Screenshot of Lighthouse mobile score after saturation

But is this a practical solution?

No…? 😅

This proof-of-concept cuts a lot of corners. The “fake-rendering” it does by calling components as functions is not great; it will de-opt whenever it encounters a component that uses any hooks, even though ideally you could still inline components that only use hooks to read static values from a context. And of course, this doesn’t work with <Suspense/> at all. Using a simulated React runtime, similar to how react-ssr-prepass works, could improve the fidelity here.

But even if we improve the rendering simulation, there are a few fundamental flaws to this approach. As you saw above, the developer ergonomics is not great; you need to manually curate a dictionary of client components by running saturate(), and seeing which client components were detected. And even then, because the bundler doesn’t know what we’re up to, we’ll still be sending down the Javascript code for all the React components on this page, even the ones that we have inlined and no longer need.
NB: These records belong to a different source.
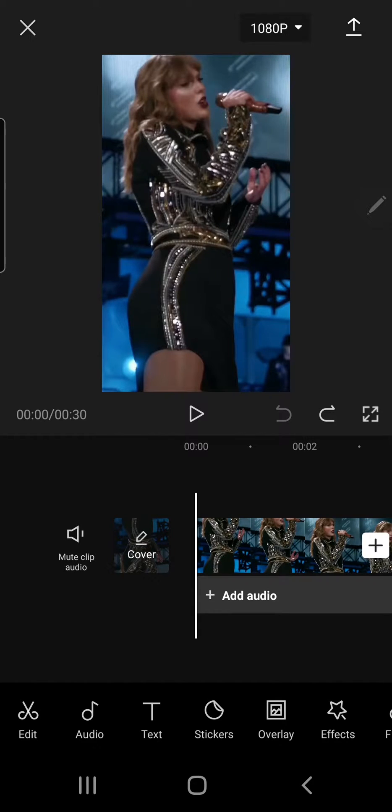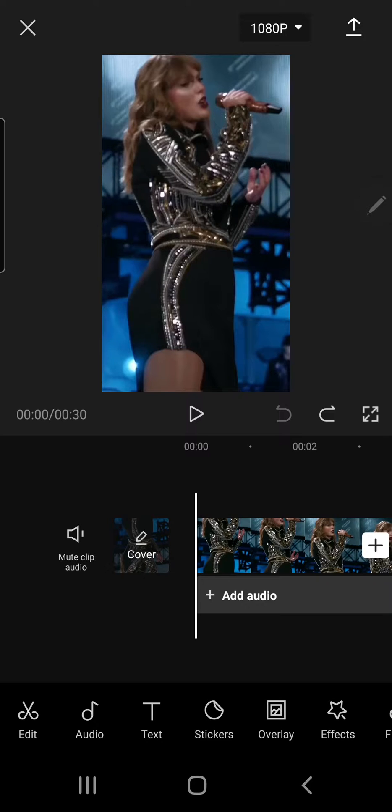Hey guys, and welcome back to the Tutorial Millennial channel. In this video, I'm going to be showing you how you can mirror your video in CapCut.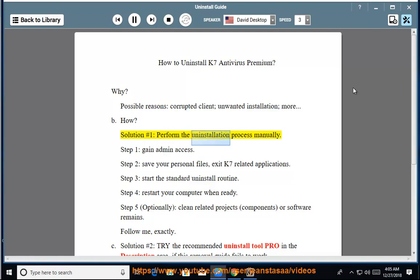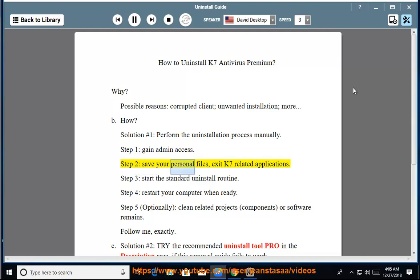Solution number 1: Perform the Uninstallation Process Manually. Step 1: Gain Admin Access. Step 2: Save your personal files and exit K7 related applications.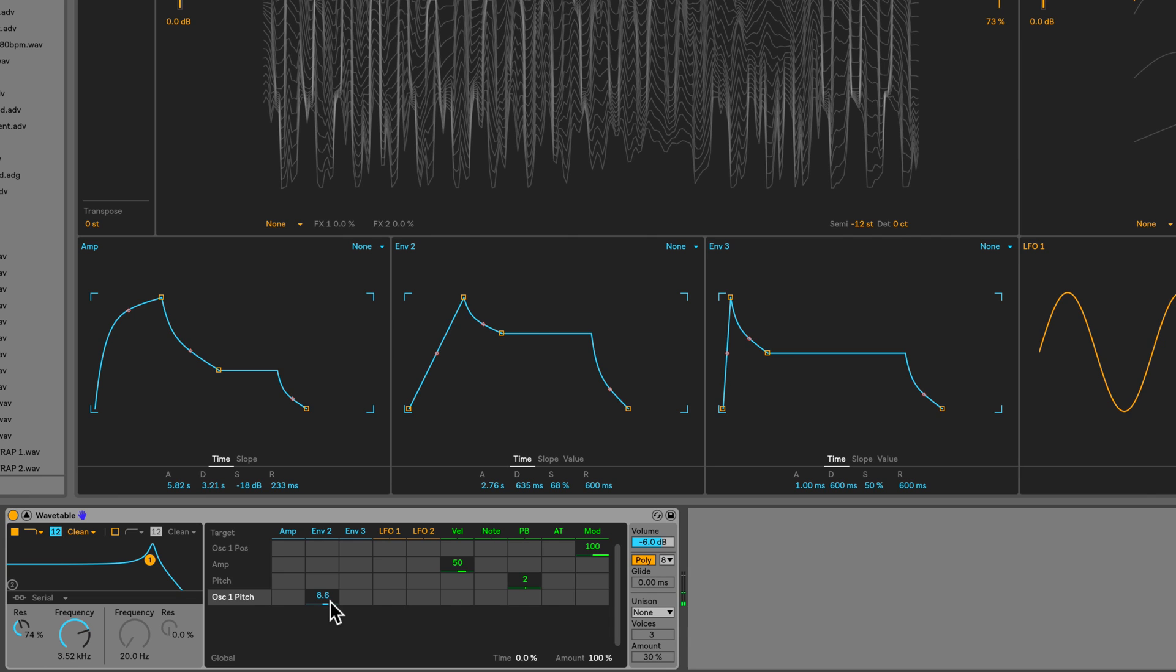I want the filter frequency to also be modulated. So just click on the filter frequency. Now we see it in the matrix. I'll click and drag and increase this to about 80. So now the filter frequency is being modulated by envelope 2.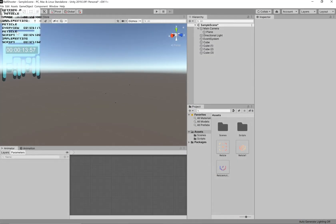Hey guys, this is Press Any Button, and here we are for the first proper part of our rail shooter series. Today we're just going to be implementing a reticle, just as you saw in the demonstration. The reason we're going to have a reticle is for a little bit more immersion in our game — it's a nifty thing to start off with something simple so we can ease ourselves into this new tutorial.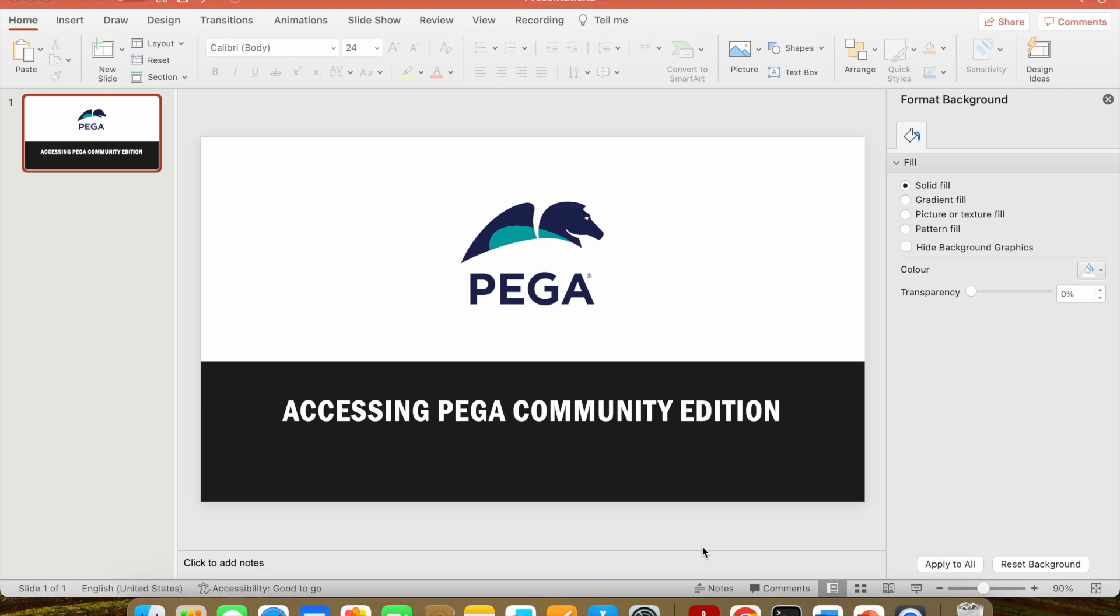Hello everyone, good evening. I hope everyone is doing great. Today we are going to see a quick topic: accessing Pega Community Edition. Everyone must be knowing that Pega have already retired their Personal Edition version.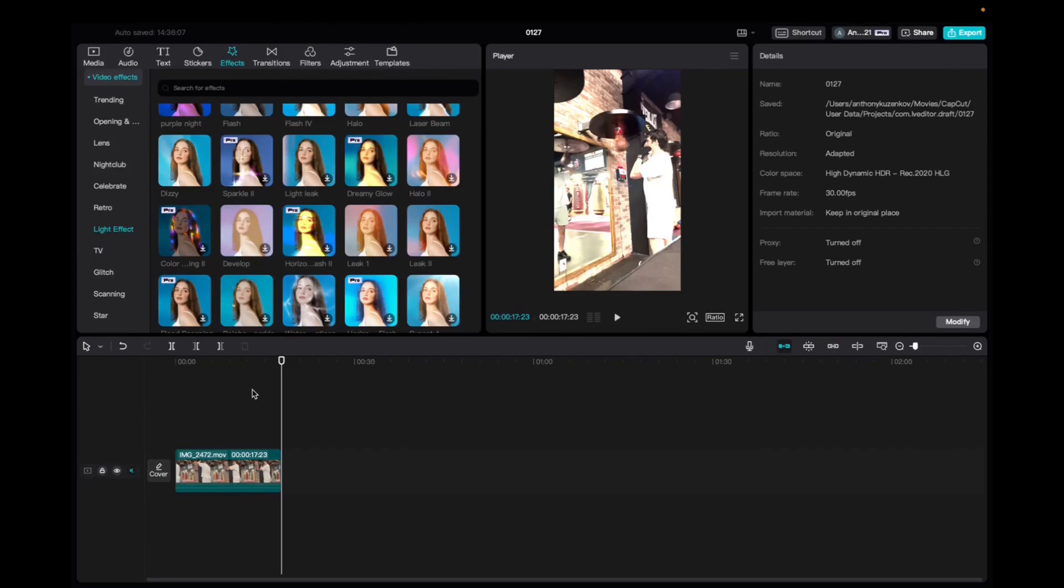Welcome back to 8482 Media. Today I have a quick one for you guys on how to locate and utilize the Sparkle 2 effect on CapCut.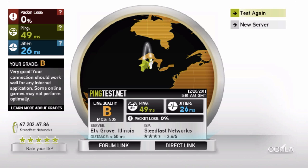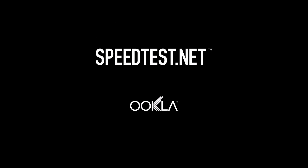Using Pingtest.net you can get another perspective on the health of your connection, easily helping you know when something's wrong, and empowering you to make it right. Check back in 2012 for more videos from Ookla.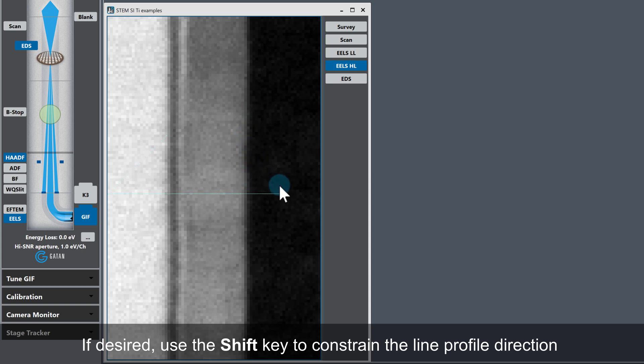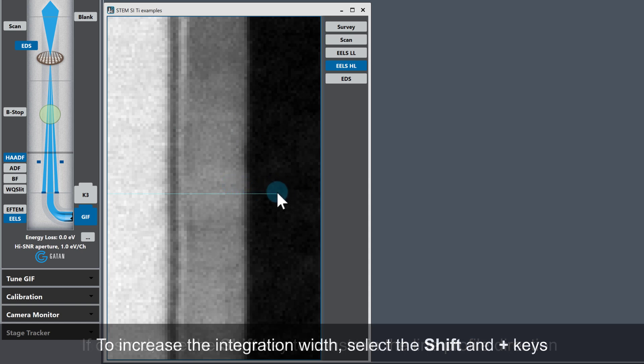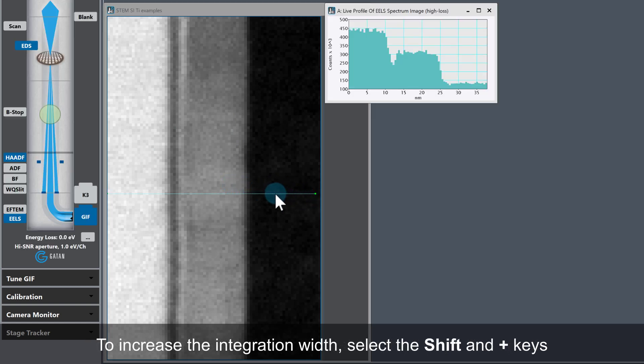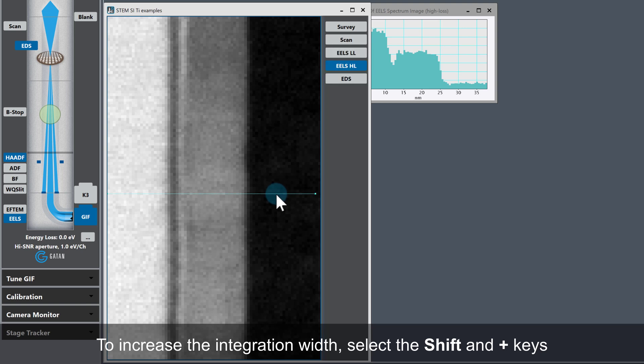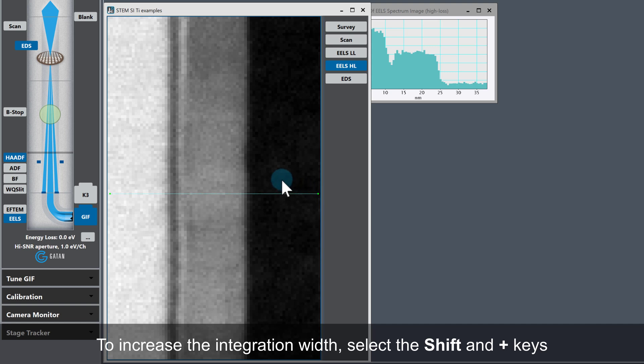Next, increase the integration width of the profile you've just drawn. Select line profile, ensure you have the green handles on the end of the profile region, then hold the Shift key and use the plus key to increase the integration width.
Furthermore, the page props now essentially include a copy of the HTML in its various blobs of dangerouslySetInnerHTML, so you are nearly doubling the HTML document size. The inlined HTML has to be there, because it must be possible to render the whole page using just the page props from scratch — that’s how instantaneous client page transitions work in Next.js. I’m not sure if it’s possible to avoid the flaws above.

The most practical solution to avoiding hydration with the React stack is still server components, which will be ready… soon! But even React 18 already brings great improvements here, like making hydration non-blocking across <Suspense/> boundaries.

Still, I’m excited about the possibilities. And for something like Plasmic, which dynamically downloads React component code to render the designs you’ve built visually in the editor, it could be an especially good fit — Plasmic knows a lot about the components it is rendering, and does have control over what code to send to the browser, and so could conceivably make this trick work automatically.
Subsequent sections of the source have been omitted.